** WORK TO COMPLETE **
Among the entries below, one line contains "a man wearing" and another contains "- Foto, immagini". Transcribe those two lines and every line between them, exactly.

──────── DATA EXTRACT ────────

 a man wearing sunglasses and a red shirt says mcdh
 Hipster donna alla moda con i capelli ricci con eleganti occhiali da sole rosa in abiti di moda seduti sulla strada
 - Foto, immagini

────────
──────── DATA EXTRACT ────────

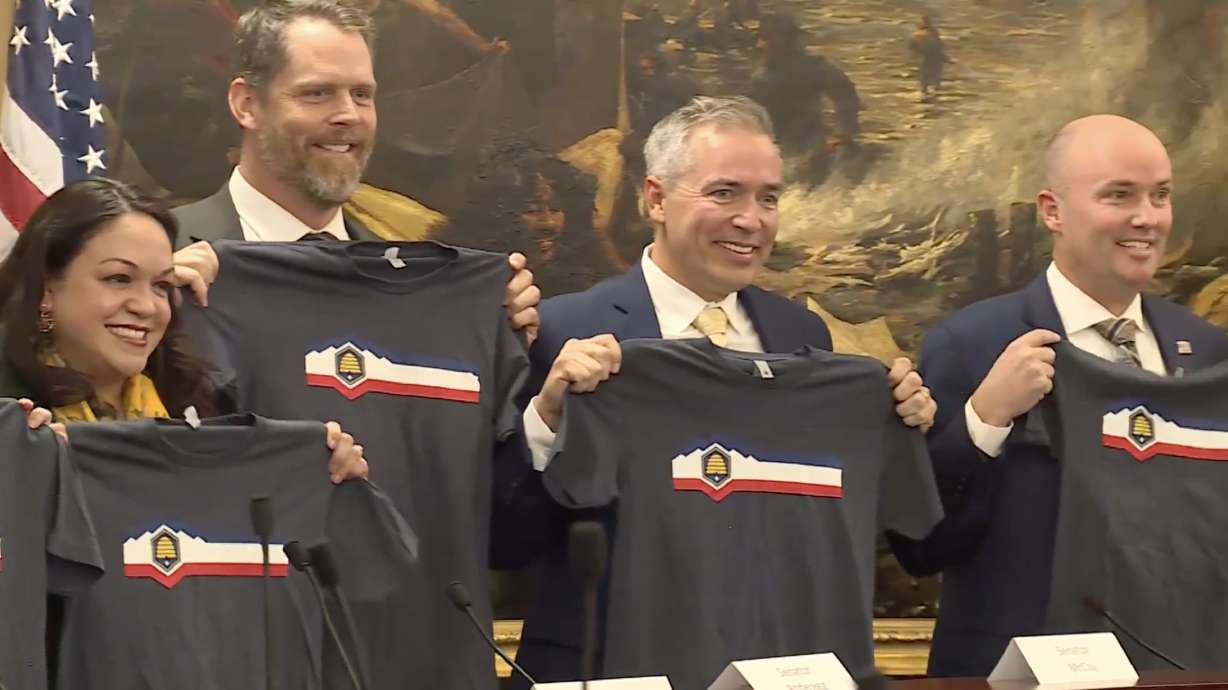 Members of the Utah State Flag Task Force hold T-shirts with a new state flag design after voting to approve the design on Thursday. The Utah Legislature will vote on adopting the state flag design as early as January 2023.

────────

** RESPONSE TO THIS EXERCISE **
 a man wearing sunglasses and a red shirt says mcdh
 Hipster donna alla moda con i capelli ricci con eleganti occhiali da sole rosa in abiti di moda seduti sulla strada
 - Foto, immagini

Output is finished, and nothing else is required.